Directions: From top to bottom, restate the entries below word for word.

Available data:

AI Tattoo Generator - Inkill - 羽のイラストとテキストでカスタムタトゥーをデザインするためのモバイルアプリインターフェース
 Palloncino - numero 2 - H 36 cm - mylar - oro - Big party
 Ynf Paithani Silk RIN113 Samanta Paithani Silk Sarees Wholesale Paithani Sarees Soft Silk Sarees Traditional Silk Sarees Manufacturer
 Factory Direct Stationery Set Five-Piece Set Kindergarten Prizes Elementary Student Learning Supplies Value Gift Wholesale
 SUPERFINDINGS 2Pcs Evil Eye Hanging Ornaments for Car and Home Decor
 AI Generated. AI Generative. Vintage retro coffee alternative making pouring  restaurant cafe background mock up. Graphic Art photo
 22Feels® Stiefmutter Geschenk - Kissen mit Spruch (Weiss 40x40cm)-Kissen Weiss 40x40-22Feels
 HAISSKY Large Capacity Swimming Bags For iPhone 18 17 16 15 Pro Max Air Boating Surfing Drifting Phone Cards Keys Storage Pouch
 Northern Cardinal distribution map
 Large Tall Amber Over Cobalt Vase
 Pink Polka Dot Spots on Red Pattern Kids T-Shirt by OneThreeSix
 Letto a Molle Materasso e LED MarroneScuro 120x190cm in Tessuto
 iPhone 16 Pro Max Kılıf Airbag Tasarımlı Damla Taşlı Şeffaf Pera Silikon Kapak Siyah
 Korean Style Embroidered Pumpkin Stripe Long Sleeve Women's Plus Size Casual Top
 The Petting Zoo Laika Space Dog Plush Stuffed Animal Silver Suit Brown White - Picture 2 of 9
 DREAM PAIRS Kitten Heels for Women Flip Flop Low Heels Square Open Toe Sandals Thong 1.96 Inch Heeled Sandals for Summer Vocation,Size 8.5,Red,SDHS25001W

Answer space:
AI Tattoo Generator - Inkill - 羽のイラストとテキストでカスタムタトゥーをデザインするためのモバイルアプリインターフェース
 Palloncino - numero 2 - H 36 cm - mylar - oro - Big party
 Ynf Paithani Silk RIN113 Samanta Paithani Silk Sarees Wholesale Paithani Sarees Soft Silk Sarees Traditional Silk Sarees Manufacturer
 Factory Direct Stationery Set Five-Piece Set Kindergarten Prizes Elementary Student Learning Supplies Value Gift Wholesale
 SUPERFINDINGS 2Pcs Evil Eye Hanging Ornaments for Car and Home Decor
 AI Generated. AI Generative. Vintage retro coffee alternative making pouring  restaurant cafe background mock up. Graphic Art photo
 22Feels® Stiefmutter Geschenk - Kissen mit Spruch (Weiss 40x40cm)-Kissen Weiss 40x40-22Feels
 HAISSKY Large Capacity Swimming Bags For iPhone 18 17 16 15 Pro Max Air Boating Surfing Drifting Phone Cards Keys Storage Pouch
 Northern Cardinal distribution map
 Large Tall Amber Over Cobalt Vase
 Pink Polka Dot Spots on Red Pattern Kids T-Shirt by OneThreeSix
 Letto a Molle Materasso e LED MarroneScuro 120x190cm in Tessuto
 iPhone 16 Pro Max Kılıf Airbag Tasarımlı Damla Taşlı Şeffaf Pera Silikon Kapak Siyah
 Korean Style Embroidered Pumpkin Stripe Long Sleeve Women's Plus Size Casual Top
 The Petting Zoo Laika Space Dog Plush Stuffed Animal Silver Suit Brown White - Picture 2 of 9
 DREAM PAIRS Kitten Heels for Women Flip Flop Low Heels Square Open Toe Sandals Thong 1.96 Inch Heeled Sandals for Summer Vocation,Size 8.5,Red,SDHS25001W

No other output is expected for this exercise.